Where:
Online event
Admission:
FREE
Categories:
History, Lectures & Conferences, Sports & Active Life
Event website:
https://fareharbor.com/embeds/book/thegibsonhouse/items/384640/?full-items=yes&flow=468779
The Gibson House is pleased to announce the latest in its baseball-history series. Join us for a lively discussion filled with stories about the "good old days" of baseball, from World War II to the Red Sox "Impossible Dream" of 1967, with an emphasis on how the game transitioned from radio to TV.
Baseball historian Donna Halper will lead the discussion, highlighting key, and mostly local, baseball personalities past and present, including Jim Britt, Curt Gowdy, Ned Martin, and Joe Castiglione. She will also discuss sports-talk radio, and how the rise of the Internet and social media changed the business of baseball forever.

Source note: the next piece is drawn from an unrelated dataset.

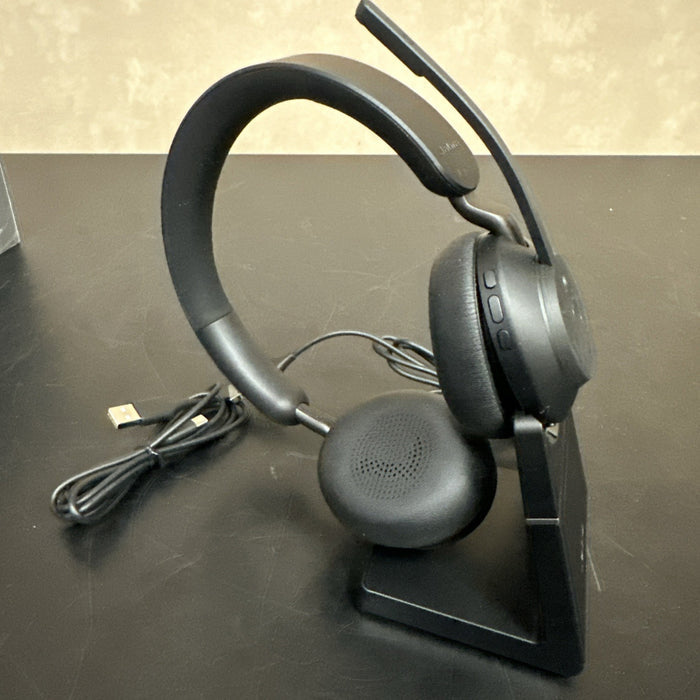 8849033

Donna Halper, Ph.D., is an associate professor of Communication and Media Studies at Lesley University in Cambridge, Mass. A former broadcaster, she is also the author of six books and has written numerous biographical sketches about baseball history for the Society for American Baseball Research.
Moderating the event will be Bob Goodof, longtime baseball-history program sponsor and former Gibson House board member and treasurer.
About the Gibson House Museum
The Gibson House is a historic house museum located in Boston's Back Bay neighborhood. Now a National Historic Landmark, the home served as residence to three generations of Gibson family members and their household staff between 1859 and 1954. The Museum’s four floors of period rooms, including the original kitchen, are a time capsule of domestic life in the nineteenth and early twentieth centuries. Visitors experience the house through guided tours that interpret class and culture through the stories and objects of the people who lived and worked there.
The Gibson House Museum is a National Historic Landmark and is listed on the Massachusetts State Register of Historic Places.